--- Material shown ---
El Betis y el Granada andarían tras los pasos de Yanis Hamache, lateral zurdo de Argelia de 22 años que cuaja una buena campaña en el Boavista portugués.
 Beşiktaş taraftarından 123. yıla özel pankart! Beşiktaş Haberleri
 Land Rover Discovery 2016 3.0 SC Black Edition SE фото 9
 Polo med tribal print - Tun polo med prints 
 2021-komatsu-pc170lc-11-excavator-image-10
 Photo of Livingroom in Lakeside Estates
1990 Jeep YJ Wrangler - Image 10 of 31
---
Exercise: Output the material in full, exactly as it appears.

Problem solution:
El Betis y el Granada andarían tras los pasos de Yanis Hamache, lateral zurdo de Argelia de 22 años que cuaja una buena campaña en el Boavista portugués.
 Beşiktaş taraftarından 123. yıla özel pankart! Beşiktaş Haberleri
 Land Rover Discovery 2016 3.0 SC Black Edition SE фото 9
 Polo med tribal print - Tun polo med prints 
 2021-komatsu-pc170lc-11-excavator-image-10
 Photo of Livingroom in Lakeside Estates
1990 Jeep YJ Wrangler - Image 10 of 31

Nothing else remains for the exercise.